Dr. Belinda S. Lennerz receives salary support from NIDDK R01DK135884. Dr. Erinn T. Rhodes receives support from NINR R01NR017639 and is on the medical advisory board of the Diabetes Action Research and Education Foundation. Prior presentation: These data were presented in part at the American Diabetes Association 84th Scientific Sessions, June 23, 2024, Orlando, FL, USA [63].

Conflicts of Interest

The authors declare no conflicts of interest.

Funding

This publication was made possible with support from Grant Number, K12DK133995 (David Maahs, Linda DiMeglio, Multi-Center Program Directors) from the National Institutes of Health, National Institute of Diabetes and Digestive and Kidney Diseases, Physician–Scientist Career Development Award to Dr. Svetlana Azova.

Acknowledgments

The authors thank Ashley Doherty and Azubuike Eleonu from Boston Children’s Hospital Information Technology department for assistance with initial data acquisition.
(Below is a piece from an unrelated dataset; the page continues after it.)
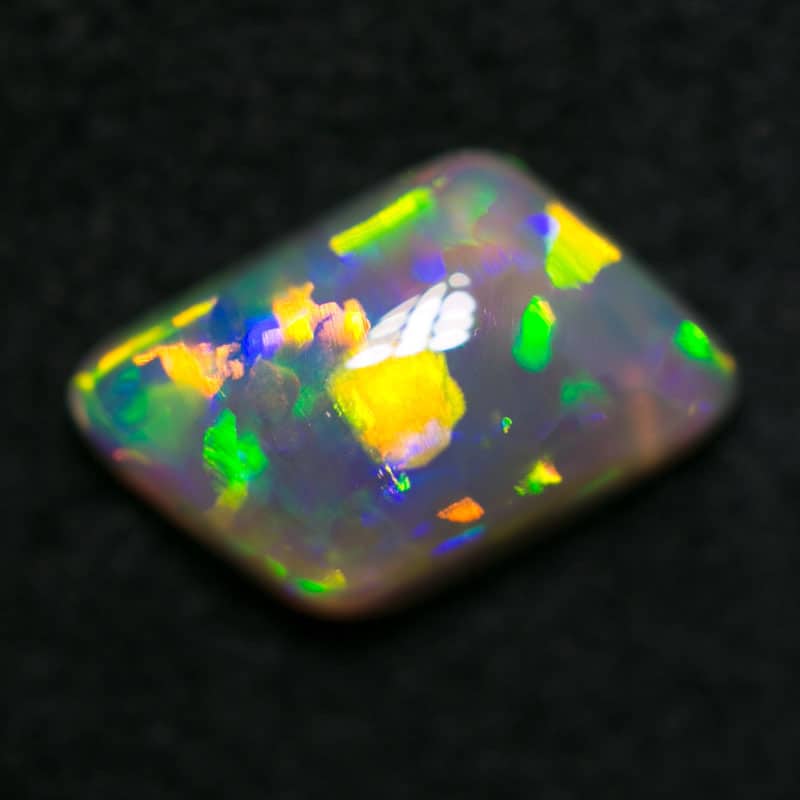 0.86 ct parallelogram opal 7x5x3mm - Image 2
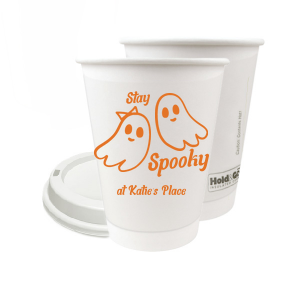 Get groovy this spooky season with the Groovy Halloween Cup. Our custom and cute Halloween decor will add a memorable touch at your Halloween party. Featuring two adorable ghosts, personalize teh design with your own name.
The authors also thank Elise Tremblay, MD, MPH, Boston Children’s Hospital, for helpful discussions regarding the use of American Community Survey data. Ms. Doherty, Mr. Eleonu, and Dr. Tremblay received no financial support for their participation.

    Supporting Information

    Additional supporting information can be found online in the Supporting Information section.

    Data Availability Statement

    The datasets generated during and analyzed in the current study and the analysis codes used are available from the corresponding author upon reasonable request.